The 36-year-old has spent the last three years soaring across Scotland, but now cannot even rest properly on her perch.
And her protectors claim they will be forced to put the suffering bird down in less than 14 days unless they can raise £2000 for an MRI scan.
However, staff at Elite Falconry in Fife, who taught Methuselah how to fly in 2008, say they cannot afford to have her debilitating brain condition treated.
They blame a legal ban on them using the bird for commercial gain for their lack of funds and are calling for a change in legislation.
The eagle could potentially live for a further 10 years if she is healed.
The centre’s head falconer Barry Blyther said: “We think Methuselah has a brain or spinal injury which has forced her to give up flying. It’s devastating to see after everything that has happened to her. We don’t know what to do.
“When she first came here she had a lean when she sat on her perch but her equilibrium was perfect when we finally encouraged her to fly. She was a picture of symmetry.”

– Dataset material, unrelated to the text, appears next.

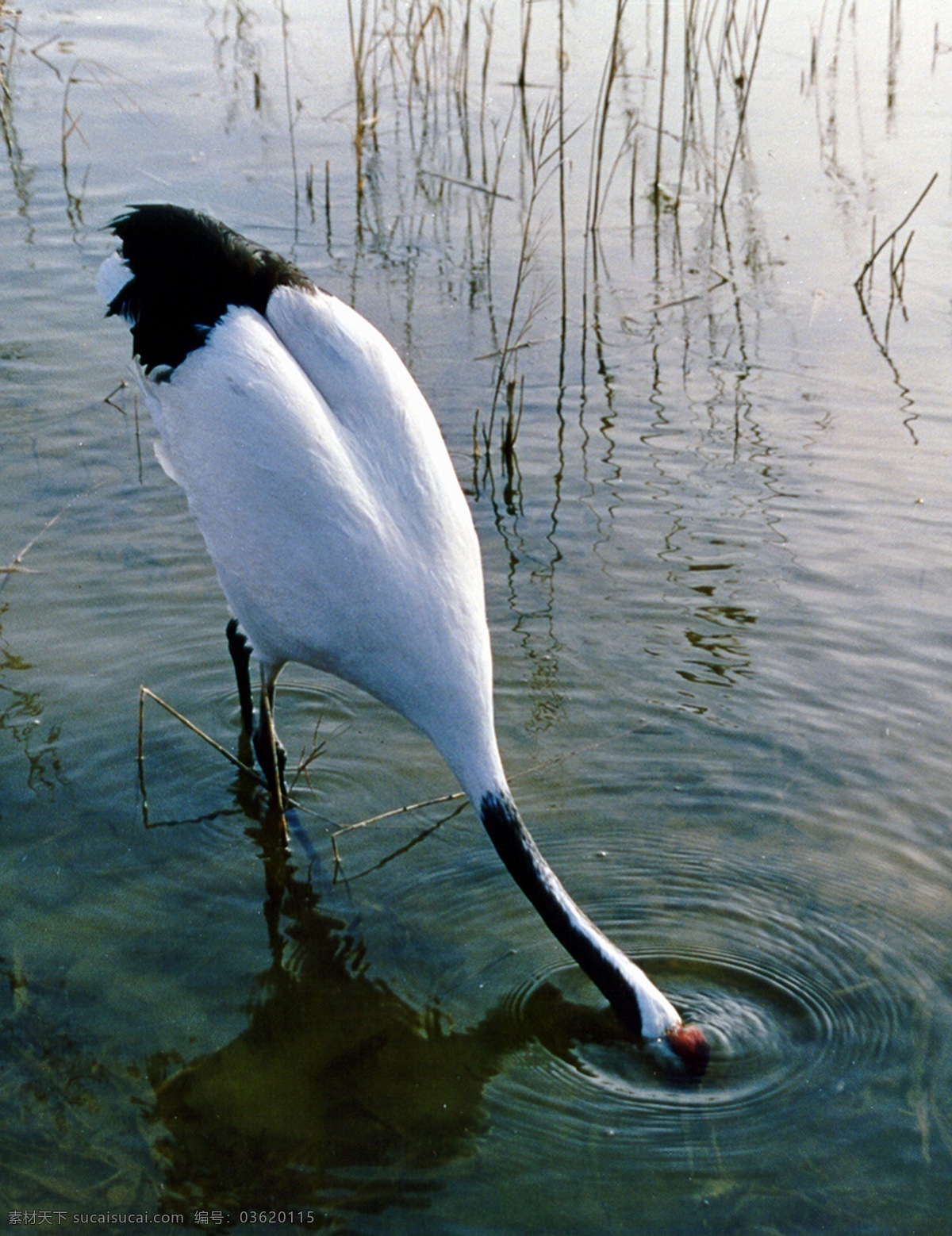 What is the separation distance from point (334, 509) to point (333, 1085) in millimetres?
1475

But in the last 18 months staff at the centre have noticed that her lean is rapidly deteriorating.
“Now because of her condition, we’ve had to take the decision to stop flying her because when she closes her wings during descent, she crash lands,” said Mr Blyther.
“It’s horrible. I now have to lean down behind her and pick her up like a child, with her legs tucked in to move her,” he said.
“The smallest gust of wind blows her over from her perch and she just hangs upside down because she can’t get upright.”
Captured illegally from the wild by a woman in 1979, Methuselah was confiscated by the Government in the same year and was re-homed in the Highlands Wildlife Park where staff kept her in an aviary with a male companion.
But when the male died, staff at the park re-homed her in Yorkshire where efforts were made to allow Methuselah to breed offspring using artificial insemination.
After several failed attempts at producing young, Methuselah was then re-homed in Elite Falconry where she was taught to fly.
Mr Blyther says Methuselah will have to be put down within the next two weeks if they cannot come up with the money for her MRI scan.
“We have had several consultations with our vet but we cannot be sure what’s wrong until we send her for a brain scan, which costs a fortune. We just don’t have those kind of funds here.”
According to Mr Blyther, the legislation covering birds of prey is to blame for Methuselah’s imminent demise.
Tourists are able to pay to see other birds at the centre perform flying demonstrations or go on hunting trips – something Methuselah is banned from taking part in.
The legislation came into force under the European Wildlife Trade Regulation Act 1997- designed to prevent animals from the wild being taken captive for financial gain.
Mr Blyther said: “The current law was designed to remove temptation to take birds from the wild, but birds unsuitable for re-release should be treated under a new sub-section.
“The bird should be allowed to be used commercially to allow the chosen guardian to use the bird to help fund its food, accommodation, vets fees, daily care; perhaps even a breeding partner.”
Conservative MSP Alex Johnstone said rules needed to be strictly adhered to, but said exceptions should be made in some cases.